So-called “Open Space Planning” is an important component of the Municipal Development Plan for the planned redevelopment of non-built-up areas. Open Space Planning, also known as landscape architecture, is to be understood as an aesthetic and artistic discipline which creates, on a scientific and technical basis, living space sensitive to ecological and social factors. An example of this is the endeavour to achieve a balanced relationship in major cities between residential areas and open spaces. In seeking to create living space, landscape architecture relies on the use of dynamic means – often natural components such as hedges, trees and ground cover. For this reason a landscape architecture project is never truly finished, but a concept in development.

By Landschaftspark one means in general a park or garden, a landscape which has been reshaped on the basis of certain landscape architectural plans. It is only since the International Building Exhibition Emscher Park (IBA) that a redeveloped industrial landscape has been classified as a Landschaftspark Duisburg-Nord.

In the case of a redeveloped industrial landscape, a Landschaftspark functions on the principles of urban development with regard to ecological, social and cultural factors. It confronts the challenges of structural change and entails the restoration of nature.

Over an extended period of time one tries to restore nature’s own cycles to full working order on an industrial site. But this reconstruction of the landscape is not a return to a previous state, but rather letting nature take the lead. In a post-industrial Landschaftspark what’s already there is to be preserved, space is to be created and nature and culture developed.

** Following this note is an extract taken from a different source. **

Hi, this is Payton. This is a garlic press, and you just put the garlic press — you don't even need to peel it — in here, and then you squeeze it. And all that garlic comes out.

The replanted and maintained open spaces and gardens in the Landschaftspark Duisburg-Nord have been designed on the basis of specific ideas inherent to landscape architecture. The Sinter Gardens, the Stadtrandgarten and the farmers’ gardens on the farm at Ingenhammshof are examples of just such gardens. But the rock gardens in the Storage Bunkers are very different, where nature is taking over again in the “wild chambers”. The visitor, following paths and traversing boardwalks, will gain a good look down into the Sinter Plant’s hoppers, planted with lavender, silver camomile and other plants, and the charge bunkers where vegetation has grown wild. The planted and maintained Stadtrandgarten consists of three sections: a garden with herbaceous perennials; a fruit orchard; and a wildflower garden where specimens from the site have been left to self-seed and colonise. The farmers’ gardens on the farm at Ingenhammshof have been laid out on the basis of an old French model – separate beds with flowers, herbs, vegetables bordered by box hedges in the parterre style. The pretty picture of the garden is rounded off with watering places.

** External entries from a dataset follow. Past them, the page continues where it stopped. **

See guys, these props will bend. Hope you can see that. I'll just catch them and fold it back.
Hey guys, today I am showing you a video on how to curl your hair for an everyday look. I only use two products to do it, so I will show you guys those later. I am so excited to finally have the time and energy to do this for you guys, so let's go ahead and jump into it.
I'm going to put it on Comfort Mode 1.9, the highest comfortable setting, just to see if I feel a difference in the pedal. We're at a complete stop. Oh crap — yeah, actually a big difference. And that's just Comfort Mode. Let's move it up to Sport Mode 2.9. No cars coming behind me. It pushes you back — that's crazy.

The work and especially the landscape architecture in the Landschaftspark Duisburg-Nord entails far-reaching ecological issues which can be applied to the Open Space Planning of the whole Ruhr District. Investment in the environment and the issue of sustainable economic activity are important points in the ecological renewal of a contaminated site. During the course of the International Building Exhibition, for example, work began on the ecological remodelling of the Emscher system, work for two generations but which has pointed the way forward in terms of creating living space in the Ruhr District.